The giant's mountain is boring as fuck, which is surprising because normally From fucking nails snow-levels, and consecrated snowfields made me want to kill myself. The endgame tree area was alright though, I didn't even think Mallenia or whatever the valkyrie bitch is called was as bad as people said she is. Aside from the waterfowl attack -- which is complete bullshit without bloodhound step -- I thought she was one of the more entertaining and 'fair' fights. Her health drain can be an issue, but I think it's meant more to scare you than actually be a hinderance.

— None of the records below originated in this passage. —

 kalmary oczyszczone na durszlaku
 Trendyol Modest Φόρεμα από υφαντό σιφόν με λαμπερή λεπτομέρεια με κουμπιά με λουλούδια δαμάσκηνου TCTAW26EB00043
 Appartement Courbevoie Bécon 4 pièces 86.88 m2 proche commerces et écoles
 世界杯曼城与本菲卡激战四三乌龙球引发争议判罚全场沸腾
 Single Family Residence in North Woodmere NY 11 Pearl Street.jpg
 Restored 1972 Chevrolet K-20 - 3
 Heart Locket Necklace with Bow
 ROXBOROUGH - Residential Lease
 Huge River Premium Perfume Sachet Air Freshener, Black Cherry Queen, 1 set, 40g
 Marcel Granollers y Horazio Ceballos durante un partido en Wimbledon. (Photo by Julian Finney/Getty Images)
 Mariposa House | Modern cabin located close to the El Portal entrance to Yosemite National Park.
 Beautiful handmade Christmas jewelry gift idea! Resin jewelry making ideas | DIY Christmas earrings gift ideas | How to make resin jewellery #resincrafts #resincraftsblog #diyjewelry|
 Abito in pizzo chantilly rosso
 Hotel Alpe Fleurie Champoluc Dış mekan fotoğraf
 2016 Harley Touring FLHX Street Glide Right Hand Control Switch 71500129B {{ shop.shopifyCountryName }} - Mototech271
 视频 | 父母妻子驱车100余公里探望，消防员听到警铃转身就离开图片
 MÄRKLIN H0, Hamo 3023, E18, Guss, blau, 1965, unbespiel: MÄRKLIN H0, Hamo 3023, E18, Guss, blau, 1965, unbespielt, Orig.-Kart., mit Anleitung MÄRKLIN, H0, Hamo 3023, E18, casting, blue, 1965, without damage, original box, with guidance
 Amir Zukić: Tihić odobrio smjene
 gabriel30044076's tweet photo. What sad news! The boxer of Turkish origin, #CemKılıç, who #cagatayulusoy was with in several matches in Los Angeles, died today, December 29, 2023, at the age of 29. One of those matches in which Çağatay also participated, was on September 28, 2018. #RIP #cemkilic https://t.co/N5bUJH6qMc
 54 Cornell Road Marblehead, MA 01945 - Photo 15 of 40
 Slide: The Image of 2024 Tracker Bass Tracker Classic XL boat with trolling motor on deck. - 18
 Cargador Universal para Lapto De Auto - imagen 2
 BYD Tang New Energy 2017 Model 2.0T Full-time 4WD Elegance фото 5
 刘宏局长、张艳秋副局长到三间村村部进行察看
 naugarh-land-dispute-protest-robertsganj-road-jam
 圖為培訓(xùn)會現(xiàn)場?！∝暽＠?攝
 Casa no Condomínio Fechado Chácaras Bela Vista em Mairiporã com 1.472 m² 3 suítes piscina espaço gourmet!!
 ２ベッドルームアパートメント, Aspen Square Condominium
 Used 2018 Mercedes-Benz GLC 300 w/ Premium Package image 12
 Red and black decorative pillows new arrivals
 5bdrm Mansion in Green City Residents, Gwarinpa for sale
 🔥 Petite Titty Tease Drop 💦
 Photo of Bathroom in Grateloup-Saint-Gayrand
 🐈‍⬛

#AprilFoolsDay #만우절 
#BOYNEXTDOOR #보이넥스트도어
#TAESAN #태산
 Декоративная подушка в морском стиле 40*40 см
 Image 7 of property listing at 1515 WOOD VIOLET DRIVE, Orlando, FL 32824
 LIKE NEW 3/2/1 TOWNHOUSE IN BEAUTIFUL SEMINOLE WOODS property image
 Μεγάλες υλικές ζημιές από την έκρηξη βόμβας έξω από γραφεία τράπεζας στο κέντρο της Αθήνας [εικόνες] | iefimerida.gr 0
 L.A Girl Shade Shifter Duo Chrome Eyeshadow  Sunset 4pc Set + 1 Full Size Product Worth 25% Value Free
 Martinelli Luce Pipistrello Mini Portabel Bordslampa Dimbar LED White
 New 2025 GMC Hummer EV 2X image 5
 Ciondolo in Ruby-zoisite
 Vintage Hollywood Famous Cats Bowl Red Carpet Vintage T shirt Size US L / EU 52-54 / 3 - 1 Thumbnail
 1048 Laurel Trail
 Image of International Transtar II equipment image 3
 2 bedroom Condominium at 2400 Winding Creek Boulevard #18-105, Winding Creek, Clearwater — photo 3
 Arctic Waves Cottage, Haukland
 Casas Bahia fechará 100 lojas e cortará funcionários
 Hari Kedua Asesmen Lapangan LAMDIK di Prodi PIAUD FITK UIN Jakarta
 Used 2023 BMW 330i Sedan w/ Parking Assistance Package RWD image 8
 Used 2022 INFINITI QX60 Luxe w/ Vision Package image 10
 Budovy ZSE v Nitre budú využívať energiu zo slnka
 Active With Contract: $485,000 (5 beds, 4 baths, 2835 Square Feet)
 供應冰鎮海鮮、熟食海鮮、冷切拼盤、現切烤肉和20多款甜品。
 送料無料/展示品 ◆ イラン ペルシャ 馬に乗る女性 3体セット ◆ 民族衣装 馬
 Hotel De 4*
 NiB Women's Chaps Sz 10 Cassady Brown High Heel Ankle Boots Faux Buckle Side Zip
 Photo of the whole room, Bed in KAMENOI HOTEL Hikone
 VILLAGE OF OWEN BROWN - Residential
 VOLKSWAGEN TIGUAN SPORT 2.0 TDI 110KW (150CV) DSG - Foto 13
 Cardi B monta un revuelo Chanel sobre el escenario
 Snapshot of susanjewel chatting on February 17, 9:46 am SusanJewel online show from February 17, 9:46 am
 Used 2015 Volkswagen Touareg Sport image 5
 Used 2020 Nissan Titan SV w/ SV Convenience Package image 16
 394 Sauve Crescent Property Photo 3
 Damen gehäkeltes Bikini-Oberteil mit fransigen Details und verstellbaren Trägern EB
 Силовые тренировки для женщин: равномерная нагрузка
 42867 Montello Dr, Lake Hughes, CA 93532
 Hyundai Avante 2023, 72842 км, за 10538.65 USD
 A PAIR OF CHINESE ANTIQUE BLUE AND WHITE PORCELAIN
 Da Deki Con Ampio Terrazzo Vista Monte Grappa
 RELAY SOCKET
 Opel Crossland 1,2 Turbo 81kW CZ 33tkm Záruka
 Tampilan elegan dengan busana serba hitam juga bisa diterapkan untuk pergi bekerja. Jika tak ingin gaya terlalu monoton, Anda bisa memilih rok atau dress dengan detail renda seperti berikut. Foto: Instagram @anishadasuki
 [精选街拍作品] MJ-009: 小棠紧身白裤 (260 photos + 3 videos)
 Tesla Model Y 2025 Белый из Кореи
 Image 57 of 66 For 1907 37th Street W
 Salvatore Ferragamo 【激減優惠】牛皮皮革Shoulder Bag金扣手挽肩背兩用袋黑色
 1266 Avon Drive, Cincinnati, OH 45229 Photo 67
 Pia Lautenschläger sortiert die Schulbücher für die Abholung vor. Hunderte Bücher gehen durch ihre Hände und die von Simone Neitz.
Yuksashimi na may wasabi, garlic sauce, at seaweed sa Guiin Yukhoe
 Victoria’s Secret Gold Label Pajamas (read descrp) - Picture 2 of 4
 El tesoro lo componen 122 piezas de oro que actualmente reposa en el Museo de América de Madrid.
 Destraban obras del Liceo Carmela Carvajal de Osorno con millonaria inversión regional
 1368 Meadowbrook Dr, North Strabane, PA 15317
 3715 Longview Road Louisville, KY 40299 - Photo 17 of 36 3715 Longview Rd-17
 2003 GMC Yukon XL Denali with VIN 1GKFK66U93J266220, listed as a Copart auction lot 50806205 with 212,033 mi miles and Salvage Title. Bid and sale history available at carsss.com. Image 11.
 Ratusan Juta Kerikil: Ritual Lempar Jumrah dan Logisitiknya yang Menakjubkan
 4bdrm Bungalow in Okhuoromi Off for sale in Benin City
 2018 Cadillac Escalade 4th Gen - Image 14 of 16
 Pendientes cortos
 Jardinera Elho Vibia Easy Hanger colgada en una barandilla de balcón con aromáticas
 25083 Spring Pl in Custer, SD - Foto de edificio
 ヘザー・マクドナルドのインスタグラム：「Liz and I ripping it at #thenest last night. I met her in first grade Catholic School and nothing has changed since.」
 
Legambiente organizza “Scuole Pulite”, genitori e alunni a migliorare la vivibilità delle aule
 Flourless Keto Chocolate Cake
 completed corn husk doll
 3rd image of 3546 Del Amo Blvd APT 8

It feels kind of like From got obsessed with spectacle when it came to the bosses, moreso than making them actually fun to fight. They're all the best the team has ever put out... when you look at them from a purely removed aesthetic and spectacle sense. They shoot out massive attacks, they're animated beautifully, and it's really engaging to watch someone dance around them and trade blows when they've mastered that particular fight. BUT they're full of input reading, gigantic AOE bullshit that's hard to read and dodge, and so aggressive that it feels like you never really get a chance to step back and absorb what they're doing so that you can learn their moves. Fun to watch, not fun to play. People say they're balanced around using mimic or ashes and I don't know if they really are, because I go from beating my head against them solo to chunking them instantly with a mimic summon. I think they're just weakly designed.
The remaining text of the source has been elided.